Antique Blue & White English Delftware Charger 18th Century Hand-Painted C. 1750

$740.00

This Delft charger showcases a charming hand-painted chinoiserie scene featuring blooming trees, rocky formations, a cottage, and two fishermen in their boats on the water, with birds soaring in the sky above.
The design covers the entire plate without a separate border, a creative technique rarely seen in 18th-century English Delft pottery. The scene is painted in shades of cobalt blue against a traditional light blue glazed background.

Marks: The reverse features a factory mark “12.” Such marks are commonly found on 18th-century English Delftware ceramics to indicate the size of an item for display in the factory showroom or to denote its price category.
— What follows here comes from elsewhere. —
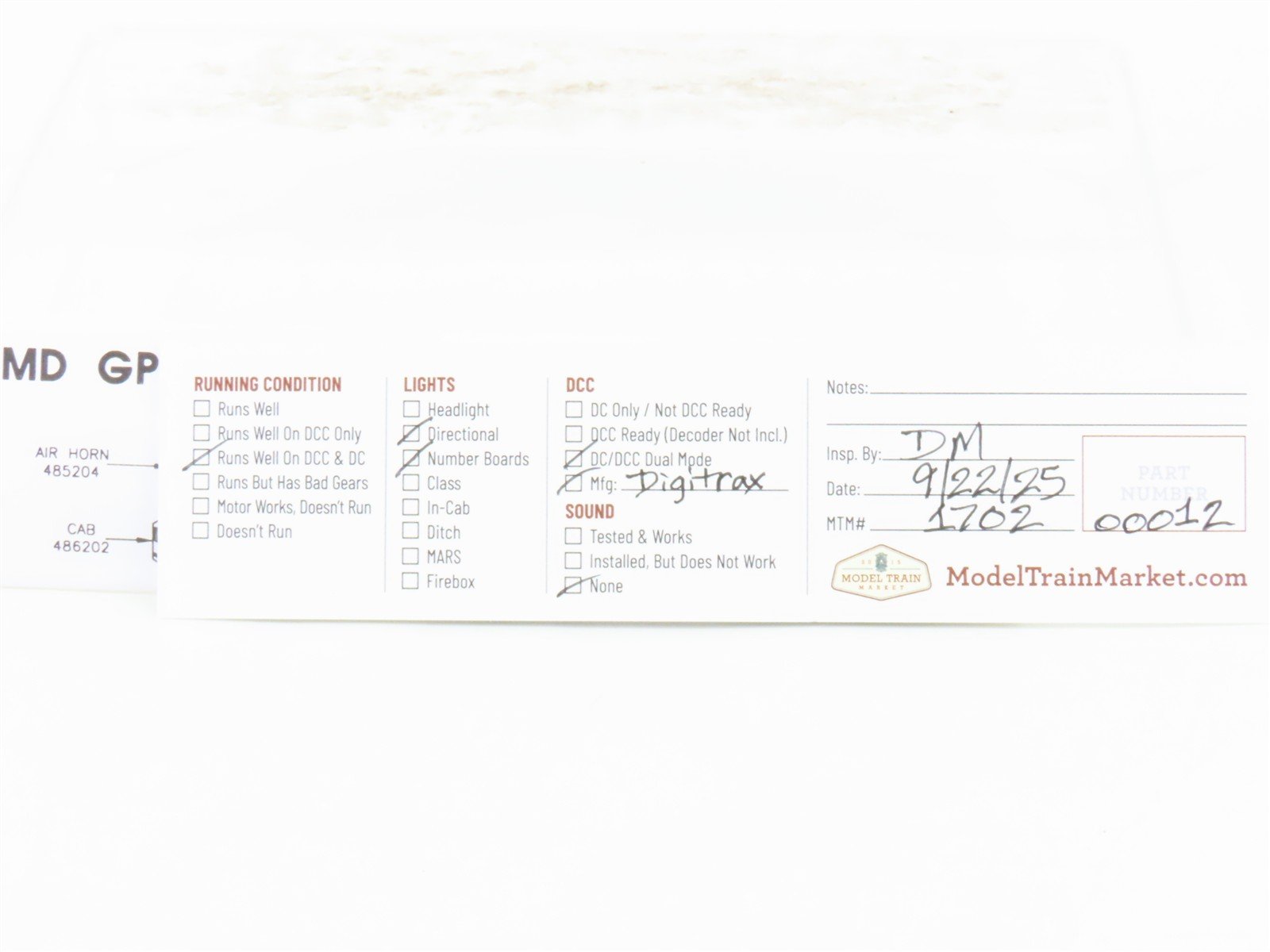 N Scale Atlas 48608 CR Conrail Quality EMD GP40-2 Diesel #3400 w/ DCC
Dimensions: 10.75″ diameter

Condition: Excellent with slight edge frits invisibly restored

In stock

Background of English Delft

The art of making Delft began in England in the Mid-1500s. An English delftware jug has been found in East Malling, Kent, with a silver mount hallmarked 1550, which is presumed to be the earliest English delftware manufacture date. John Stow’s Survey of London (1598) records the arrival in 1567 of two Antwerp potters, Jasper Andries and Jacob Jansen, in Norwich, where they made “Gally Paving Tiles and vessels for Apothecaries and others…”
The production of Delft reached its high point in the mid-1700s. After that, creamware pottery began to replace Delft as the useful pottery of the English middle class.
See Caiger-Smith, Alan, Tin-glazed Pottery in Europe and the Islamic World: The Tradition of 1000 Years in Maiolica, Faience and Delftware, Faber and Faber, 1973, ISBN 0-571-09349-3.